## To do
Every line from the beginning of the data through the line containing "Euphyllia Paraancora 4-5 Heads" should be reproduced exactly, and no further lines should be output.

[Short web captions]
::::

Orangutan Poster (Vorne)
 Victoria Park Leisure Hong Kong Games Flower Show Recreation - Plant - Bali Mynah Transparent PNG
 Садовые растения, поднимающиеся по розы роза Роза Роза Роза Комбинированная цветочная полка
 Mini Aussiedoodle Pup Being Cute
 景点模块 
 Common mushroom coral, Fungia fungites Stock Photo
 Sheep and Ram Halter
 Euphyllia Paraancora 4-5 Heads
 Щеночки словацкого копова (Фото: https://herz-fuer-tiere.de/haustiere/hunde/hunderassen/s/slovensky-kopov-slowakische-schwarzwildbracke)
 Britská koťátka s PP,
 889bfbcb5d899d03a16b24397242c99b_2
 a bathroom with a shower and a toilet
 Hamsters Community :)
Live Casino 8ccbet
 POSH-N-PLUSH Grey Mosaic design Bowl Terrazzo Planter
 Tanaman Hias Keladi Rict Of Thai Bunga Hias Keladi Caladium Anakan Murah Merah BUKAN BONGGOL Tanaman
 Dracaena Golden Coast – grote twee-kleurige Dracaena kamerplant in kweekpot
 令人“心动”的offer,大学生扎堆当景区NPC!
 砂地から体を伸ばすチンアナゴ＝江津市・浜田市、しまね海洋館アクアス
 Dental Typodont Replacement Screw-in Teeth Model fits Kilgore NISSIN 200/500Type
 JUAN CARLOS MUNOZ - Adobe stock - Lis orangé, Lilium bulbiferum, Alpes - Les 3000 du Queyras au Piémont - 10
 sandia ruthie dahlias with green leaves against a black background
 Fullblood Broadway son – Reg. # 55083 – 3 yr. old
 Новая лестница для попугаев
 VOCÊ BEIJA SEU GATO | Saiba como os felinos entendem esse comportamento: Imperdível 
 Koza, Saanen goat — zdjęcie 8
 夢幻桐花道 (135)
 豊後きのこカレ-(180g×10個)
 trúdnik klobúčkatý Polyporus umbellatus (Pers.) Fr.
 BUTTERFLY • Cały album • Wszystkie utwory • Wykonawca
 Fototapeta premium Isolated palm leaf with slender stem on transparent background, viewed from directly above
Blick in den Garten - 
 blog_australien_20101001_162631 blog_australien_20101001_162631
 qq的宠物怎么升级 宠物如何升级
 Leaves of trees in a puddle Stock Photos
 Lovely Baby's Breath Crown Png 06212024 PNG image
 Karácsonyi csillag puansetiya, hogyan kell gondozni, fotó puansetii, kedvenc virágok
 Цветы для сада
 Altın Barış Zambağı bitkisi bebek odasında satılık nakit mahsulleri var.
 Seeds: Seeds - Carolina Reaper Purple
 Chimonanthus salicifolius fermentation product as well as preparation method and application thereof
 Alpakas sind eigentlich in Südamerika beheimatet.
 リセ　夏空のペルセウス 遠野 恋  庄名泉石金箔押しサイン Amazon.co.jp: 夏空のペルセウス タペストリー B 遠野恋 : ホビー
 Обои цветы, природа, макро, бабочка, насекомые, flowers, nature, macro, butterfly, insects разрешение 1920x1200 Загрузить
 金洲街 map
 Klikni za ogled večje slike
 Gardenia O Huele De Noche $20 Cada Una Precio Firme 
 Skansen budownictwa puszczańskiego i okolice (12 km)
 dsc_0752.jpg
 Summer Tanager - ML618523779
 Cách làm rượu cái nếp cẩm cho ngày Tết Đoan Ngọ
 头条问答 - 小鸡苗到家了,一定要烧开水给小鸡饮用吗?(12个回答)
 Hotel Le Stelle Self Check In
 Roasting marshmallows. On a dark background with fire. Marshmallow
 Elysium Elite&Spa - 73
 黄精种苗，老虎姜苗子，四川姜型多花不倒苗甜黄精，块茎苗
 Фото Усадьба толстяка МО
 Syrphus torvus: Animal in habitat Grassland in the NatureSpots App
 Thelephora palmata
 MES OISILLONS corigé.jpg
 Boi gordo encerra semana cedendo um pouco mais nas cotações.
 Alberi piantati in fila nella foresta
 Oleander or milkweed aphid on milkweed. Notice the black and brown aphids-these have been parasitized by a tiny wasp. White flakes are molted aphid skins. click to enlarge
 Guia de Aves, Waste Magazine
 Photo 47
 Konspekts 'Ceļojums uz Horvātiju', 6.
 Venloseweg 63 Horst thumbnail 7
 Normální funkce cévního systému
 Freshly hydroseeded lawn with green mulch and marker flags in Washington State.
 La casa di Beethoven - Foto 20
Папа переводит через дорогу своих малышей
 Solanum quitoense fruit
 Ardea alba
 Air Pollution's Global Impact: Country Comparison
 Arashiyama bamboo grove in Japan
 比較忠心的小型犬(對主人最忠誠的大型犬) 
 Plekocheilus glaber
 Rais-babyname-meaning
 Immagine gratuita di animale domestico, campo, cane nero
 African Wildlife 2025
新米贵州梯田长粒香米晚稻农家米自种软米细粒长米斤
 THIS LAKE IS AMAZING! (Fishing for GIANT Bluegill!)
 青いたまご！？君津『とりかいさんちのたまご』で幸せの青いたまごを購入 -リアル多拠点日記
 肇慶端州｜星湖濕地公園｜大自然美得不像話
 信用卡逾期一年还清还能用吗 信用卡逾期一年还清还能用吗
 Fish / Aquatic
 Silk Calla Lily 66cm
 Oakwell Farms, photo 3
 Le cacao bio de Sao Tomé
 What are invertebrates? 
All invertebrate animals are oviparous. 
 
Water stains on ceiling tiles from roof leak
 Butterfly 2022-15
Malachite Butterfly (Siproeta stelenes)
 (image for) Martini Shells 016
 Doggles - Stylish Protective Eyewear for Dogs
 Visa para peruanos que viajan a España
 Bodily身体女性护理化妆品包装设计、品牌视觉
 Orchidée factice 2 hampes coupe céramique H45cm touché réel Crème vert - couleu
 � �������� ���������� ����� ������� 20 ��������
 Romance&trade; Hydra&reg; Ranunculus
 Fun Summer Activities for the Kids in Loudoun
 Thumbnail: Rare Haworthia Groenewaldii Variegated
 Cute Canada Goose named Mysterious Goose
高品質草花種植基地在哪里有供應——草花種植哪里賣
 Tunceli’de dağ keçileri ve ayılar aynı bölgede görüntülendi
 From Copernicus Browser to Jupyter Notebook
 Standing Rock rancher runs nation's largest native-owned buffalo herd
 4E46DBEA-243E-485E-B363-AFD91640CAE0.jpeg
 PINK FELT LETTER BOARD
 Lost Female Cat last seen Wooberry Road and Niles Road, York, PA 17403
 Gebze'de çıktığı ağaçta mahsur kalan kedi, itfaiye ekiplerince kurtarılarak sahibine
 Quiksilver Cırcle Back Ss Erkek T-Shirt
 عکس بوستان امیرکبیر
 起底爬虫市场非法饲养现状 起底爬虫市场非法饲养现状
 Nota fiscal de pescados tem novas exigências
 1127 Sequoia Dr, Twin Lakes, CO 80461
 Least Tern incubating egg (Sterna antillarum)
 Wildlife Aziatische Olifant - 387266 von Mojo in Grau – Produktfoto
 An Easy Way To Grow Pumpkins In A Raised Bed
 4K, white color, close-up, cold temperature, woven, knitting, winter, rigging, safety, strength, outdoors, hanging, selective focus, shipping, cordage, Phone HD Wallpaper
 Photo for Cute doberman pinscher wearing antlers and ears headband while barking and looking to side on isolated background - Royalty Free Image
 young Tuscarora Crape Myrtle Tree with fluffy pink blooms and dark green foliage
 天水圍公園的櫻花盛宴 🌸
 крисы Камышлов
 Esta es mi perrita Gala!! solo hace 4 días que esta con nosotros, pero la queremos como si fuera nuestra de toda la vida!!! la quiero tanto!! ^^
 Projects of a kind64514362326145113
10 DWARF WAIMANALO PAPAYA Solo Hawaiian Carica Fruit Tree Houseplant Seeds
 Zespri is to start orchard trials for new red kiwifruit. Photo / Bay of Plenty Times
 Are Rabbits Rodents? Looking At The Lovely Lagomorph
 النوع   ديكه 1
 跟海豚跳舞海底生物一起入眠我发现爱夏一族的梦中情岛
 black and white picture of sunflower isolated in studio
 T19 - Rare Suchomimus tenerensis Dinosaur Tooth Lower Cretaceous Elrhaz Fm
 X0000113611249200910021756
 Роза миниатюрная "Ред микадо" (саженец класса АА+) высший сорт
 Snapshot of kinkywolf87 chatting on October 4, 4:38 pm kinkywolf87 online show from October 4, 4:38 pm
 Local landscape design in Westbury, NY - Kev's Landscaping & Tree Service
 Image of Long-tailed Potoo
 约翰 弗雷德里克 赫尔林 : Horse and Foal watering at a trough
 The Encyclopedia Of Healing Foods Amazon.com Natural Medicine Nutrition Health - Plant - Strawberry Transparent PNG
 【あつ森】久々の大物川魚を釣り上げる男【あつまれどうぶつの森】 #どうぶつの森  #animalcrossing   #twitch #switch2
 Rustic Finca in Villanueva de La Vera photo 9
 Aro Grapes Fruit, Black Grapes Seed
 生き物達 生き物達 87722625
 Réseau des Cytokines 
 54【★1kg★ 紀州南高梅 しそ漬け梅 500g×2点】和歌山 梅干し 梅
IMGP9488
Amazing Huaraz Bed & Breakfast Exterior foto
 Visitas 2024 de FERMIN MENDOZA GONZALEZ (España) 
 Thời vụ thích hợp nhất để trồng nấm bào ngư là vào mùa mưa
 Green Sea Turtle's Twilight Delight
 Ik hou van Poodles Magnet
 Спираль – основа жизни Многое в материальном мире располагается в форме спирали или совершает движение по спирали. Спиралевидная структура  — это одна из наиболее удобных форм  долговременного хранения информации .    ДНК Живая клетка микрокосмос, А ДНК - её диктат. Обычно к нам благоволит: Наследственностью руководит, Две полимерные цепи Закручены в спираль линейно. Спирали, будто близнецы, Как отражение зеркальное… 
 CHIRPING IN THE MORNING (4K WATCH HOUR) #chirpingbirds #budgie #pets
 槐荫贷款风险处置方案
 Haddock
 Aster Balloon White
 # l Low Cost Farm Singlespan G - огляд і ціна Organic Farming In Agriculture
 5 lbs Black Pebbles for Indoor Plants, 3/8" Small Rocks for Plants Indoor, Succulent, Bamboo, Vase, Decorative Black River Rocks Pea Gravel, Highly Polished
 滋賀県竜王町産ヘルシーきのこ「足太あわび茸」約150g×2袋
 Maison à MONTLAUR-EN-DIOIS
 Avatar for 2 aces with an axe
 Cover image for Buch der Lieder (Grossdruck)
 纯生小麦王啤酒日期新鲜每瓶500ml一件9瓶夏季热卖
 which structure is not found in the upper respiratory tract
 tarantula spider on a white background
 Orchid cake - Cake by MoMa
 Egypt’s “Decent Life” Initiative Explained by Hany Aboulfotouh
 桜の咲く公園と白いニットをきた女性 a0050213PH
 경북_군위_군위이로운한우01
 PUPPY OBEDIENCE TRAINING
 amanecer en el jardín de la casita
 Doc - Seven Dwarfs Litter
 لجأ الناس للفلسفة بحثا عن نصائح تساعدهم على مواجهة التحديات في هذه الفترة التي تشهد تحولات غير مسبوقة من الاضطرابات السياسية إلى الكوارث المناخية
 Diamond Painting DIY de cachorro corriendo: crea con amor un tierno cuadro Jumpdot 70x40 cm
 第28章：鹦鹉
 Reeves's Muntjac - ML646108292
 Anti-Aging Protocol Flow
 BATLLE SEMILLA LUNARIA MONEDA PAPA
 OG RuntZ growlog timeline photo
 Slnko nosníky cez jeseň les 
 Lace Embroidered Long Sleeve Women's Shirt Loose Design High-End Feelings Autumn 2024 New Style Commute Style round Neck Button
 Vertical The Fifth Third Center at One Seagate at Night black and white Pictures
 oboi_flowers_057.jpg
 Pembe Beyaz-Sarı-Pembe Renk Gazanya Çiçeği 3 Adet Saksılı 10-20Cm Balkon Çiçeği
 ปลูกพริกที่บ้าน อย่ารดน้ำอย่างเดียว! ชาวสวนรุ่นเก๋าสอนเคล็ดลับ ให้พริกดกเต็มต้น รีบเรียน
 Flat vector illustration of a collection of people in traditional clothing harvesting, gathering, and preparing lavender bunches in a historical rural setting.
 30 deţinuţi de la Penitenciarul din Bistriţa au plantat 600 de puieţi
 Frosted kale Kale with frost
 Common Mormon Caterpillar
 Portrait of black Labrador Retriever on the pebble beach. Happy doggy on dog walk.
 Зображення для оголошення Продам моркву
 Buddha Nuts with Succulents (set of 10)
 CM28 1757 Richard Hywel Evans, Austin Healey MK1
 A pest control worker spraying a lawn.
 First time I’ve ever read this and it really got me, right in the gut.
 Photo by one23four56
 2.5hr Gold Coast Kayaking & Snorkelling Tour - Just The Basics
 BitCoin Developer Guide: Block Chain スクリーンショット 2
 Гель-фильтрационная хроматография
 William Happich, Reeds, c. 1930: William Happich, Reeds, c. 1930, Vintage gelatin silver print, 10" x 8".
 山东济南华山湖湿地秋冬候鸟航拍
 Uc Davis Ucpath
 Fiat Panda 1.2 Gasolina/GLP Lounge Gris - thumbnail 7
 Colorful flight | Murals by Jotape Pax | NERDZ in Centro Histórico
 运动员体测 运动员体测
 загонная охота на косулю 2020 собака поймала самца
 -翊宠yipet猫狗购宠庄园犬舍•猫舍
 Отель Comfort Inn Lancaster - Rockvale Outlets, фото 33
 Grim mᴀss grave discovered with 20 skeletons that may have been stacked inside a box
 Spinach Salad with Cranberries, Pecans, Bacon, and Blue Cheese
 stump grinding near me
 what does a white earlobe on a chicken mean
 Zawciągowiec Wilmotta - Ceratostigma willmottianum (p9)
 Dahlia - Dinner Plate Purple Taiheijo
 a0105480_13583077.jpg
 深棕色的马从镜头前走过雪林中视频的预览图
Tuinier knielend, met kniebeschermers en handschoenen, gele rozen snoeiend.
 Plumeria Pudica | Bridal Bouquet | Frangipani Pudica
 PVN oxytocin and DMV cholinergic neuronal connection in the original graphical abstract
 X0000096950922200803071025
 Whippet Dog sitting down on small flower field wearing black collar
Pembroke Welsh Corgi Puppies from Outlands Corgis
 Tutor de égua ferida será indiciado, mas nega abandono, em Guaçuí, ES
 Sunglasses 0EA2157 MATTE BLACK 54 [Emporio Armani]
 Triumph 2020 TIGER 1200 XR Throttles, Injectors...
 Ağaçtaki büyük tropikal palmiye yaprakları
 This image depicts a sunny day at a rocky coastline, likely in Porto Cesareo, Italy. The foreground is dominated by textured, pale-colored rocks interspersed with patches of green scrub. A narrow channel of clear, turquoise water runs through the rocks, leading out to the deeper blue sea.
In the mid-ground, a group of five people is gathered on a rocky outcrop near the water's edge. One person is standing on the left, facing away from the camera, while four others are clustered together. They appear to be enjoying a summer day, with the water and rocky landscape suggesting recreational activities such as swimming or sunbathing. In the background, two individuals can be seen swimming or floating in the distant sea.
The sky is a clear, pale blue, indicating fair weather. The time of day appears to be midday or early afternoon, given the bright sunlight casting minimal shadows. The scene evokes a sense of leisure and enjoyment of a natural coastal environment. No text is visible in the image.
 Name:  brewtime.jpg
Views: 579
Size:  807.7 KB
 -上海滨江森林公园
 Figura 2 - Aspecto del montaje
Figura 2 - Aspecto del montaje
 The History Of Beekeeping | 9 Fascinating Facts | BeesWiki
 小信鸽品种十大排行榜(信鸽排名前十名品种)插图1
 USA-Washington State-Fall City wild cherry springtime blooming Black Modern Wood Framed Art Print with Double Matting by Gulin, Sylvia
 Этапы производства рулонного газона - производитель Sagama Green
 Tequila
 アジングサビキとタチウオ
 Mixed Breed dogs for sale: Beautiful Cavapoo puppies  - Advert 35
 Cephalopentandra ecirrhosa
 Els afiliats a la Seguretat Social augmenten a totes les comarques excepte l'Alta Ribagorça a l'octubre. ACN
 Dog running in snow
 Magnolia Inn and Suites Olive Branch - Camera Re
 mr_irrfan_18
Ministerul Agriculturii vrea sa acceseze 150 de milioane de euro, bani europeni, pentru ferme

::::

## Solution to this problem
Orangutan Poster (Vorne)
 Victoria Park Leisure Hong Kong Games Flower Show Recreation - Plant - Bali Mynah Transparent PNG
 Садовые растения, поднимающиеся по розы роза Роза Роза Роза Комбинированная цветочная полка
 Mini Aussiedoodle Pup Being Cute
 景点模块 
 Common mushroom coral, Fungia fungites Stock Photo
 Sheep and Ram Halter
 Euphyllia Paraancora 4-5 Heads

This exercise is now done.